As in real life, our algorithm has a budget constraint. If it didn’t, governments could just give everyone lots of money and there would be no poverty.
It finds that if the aim is to minimise the poverty gap, we need to make quite dramatic changes in how we spend welfare dollars.
We need to raise the rate, big time
To minimise the most commonly used measure of poverty, the Newstart unemployment benefit would have to climb from its current A$551 per fortnight to A$821 – a jump of 50%, and a far bigger hike than the A$150 per fortnight that crossbench Senators are calling for with the backing of the Raise The Rate campaign.
The Age Pension would stay about the same, Family Tax Benefit A for children aged less than 13 years would fall from A$218 per fortnight to A$154, Family Tax Benefit B would fall by a similar proportion, rent assistance would stay about the same, and the parenting payment would fall modestly.
And probably cut the pension
The results are different when we try to minimise poverty as defined by our preferred measure – half of median disposable income, net of housing costs.
To do this, we would have to cut the age pension from A$902 per fortnight to A$836, lift Newstart less substantially to A$751 per fortnight (still an increase of around A$100 per week, and still more than crossbenchers are asking for), lift rent assistance from a maximum rate of A$137 per fortnight to A$161, and leave family payments about where they are.
We could cut poverty by 11%, at no cost
The algorithm suggests that reductions in the poverty gap of as much as 11% could be achieved simply by spending more on Newstart and less on other benefits, without any extra spending on the overall bundle of payments.
Alternatively, we could cut our spending on the bundle by about 7% and leave the poverty gap no worse. Lifting the budget for the bundle could lead to even larger reductions in poverty.
A 10% increase in the budget those benefits could reduce poverty by more than 20%.
But there is more to benefits than poverty
There are arguably sound reasons why we pay more to people on long-term benefits such as the pension than to people on short-term benefits such as Newstart, meaning that poverty reduction isn’t the system’s only goal.

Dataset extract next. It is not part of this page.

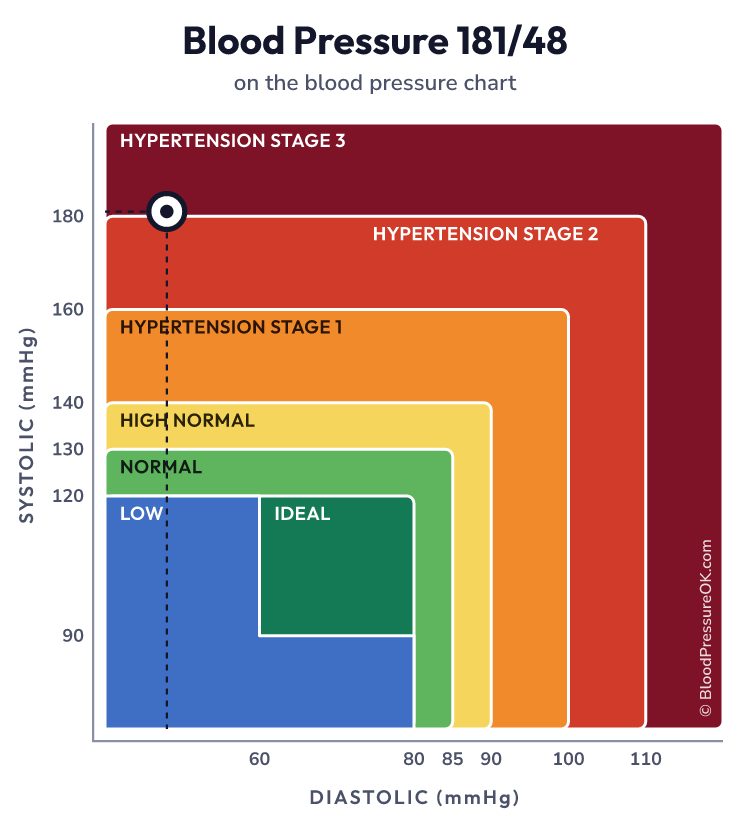 Blood pressure 181 over 48 on the blood pressure chart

However, it should be noted that the difference in indexation arrangements between the two benefits has pushed down Newstart from about 90% of the age pension in the early 1990s to just 60% today, meaning Newstart is highly likely to be genuinely out of whack, whatever the system’s objectives.
Also, our analysis finds that many households in apparent poverty are not on benefits, and so can’t be helped by changes to the bundle of payments.
On the other hand, while some of these households are legitimately in poverty, others are asset-rich. Around 56% of the apparent gap in poverty resides in households whose main source of income is something such as shares, rental income or superanuation, suggesting they might not need as much help as our algorithm suggests.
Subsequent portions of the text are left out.